Dataset records:
##############################
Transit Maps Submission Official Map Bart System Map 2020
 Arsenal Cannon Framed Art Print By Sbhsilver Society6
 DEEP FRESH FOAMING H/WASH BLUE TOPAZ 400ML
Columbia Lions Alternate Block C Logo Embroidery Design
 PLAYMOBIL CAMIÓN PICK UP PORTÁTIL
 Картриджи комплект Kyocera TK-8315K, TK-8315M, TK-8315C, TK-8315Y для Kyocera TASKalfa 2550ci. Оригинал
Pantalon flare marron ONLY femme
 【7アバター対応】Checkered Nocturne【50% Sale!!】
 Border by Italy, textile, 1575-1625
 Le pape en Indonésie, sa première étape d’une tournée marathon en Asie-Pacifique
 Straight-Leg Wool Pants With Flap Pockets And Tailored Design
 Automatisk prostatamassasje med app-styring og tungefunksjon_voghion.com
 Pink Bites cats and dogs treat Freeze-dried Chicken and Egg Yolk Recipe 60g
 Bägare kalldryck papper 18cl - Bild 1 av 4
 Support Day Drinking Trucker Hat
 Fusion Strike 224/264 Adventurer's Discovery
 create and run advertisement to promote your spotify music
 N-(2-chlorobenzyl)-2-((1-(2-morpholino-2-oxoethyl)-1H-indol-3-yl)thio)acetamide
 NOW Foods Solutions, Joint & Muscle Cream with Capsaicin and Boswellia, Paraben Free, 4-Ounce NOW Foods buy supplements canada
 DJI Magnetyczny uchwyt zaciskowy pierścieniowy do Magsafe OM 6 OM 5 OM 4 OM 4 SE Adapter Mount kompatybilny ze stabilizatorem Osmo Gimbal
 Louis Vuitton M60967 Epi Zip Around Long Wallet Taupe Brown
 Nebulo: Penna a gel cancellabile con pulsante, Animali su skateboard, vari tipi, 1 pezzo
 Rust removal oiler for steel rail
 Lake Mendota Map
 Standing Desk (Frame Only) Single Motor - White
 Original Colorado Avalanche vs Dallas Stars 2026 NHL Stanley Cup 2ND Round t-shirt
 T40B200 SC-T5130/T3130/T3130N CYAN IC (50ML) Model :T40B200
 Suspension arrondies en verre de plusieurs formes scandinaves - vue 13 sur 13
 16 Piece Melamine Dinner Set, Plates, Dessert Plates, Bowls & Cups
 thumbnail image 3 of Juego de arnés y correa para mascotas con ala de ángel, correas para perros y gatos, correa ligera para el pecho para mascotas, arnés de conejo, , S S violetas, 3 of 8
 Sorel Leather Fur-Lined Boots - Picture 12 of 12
##############################
What is required:
Tallying every line that holds the string "Design", report the total for the records and nothing else.

Solved problem:
2